ASSIGNMENT
Determine the number of lines in the data that contain "Apple", and write only that number.

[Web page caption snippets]
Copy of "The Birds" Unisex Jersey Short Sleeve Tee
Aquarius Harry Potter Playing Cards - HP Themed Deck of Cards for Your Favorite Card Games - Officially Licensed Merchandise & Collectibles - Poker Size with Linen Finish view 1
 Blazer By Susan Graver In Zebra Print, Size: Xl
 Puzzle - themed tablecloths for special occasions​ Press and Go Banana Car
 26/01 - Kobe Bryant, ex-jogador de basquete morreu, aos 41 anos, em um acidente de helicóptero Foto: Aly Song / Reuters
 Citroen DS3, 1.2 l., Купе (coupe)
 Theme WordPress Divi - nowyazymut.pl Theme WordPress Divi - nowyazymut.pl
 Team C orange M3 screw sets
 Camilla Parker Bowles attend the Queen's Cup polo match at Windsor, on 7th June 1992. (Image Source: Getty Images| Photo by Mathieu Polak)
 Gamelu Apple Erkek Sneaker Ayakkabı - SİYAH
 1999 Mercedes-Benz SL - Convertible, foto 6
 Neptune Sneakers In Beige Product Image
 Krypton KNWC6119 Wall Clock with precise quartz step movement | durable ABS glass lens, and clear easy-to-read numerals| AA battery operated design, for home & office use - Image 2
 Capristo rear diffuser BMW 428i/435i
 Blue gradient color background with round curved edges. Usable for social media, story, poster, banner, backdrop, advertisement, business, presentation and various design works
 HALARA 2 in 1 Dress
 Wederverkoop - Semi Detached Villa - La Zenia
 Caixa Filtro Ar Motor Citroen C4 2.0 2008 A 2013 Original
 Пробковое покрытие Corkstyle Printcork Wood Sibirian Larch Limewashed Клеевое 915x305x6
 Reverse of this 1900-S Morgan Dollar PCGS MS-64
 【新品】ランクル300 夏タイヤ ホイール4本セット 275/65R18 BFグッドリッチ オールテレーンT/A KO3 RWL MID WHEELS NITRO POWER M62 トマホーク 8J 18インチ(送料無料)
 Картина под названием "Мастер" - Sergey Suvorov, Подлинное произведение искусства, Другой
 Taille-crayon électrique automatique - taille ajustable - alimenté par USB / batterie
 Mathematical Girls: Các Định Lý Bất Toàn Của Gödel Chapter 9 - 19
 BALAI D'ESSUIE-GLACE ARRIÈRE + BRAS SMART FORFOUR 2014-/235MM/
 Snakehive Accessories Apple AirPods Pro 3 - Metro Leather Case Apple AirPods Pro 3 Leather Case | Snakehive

EXPECTED OUTPUT
2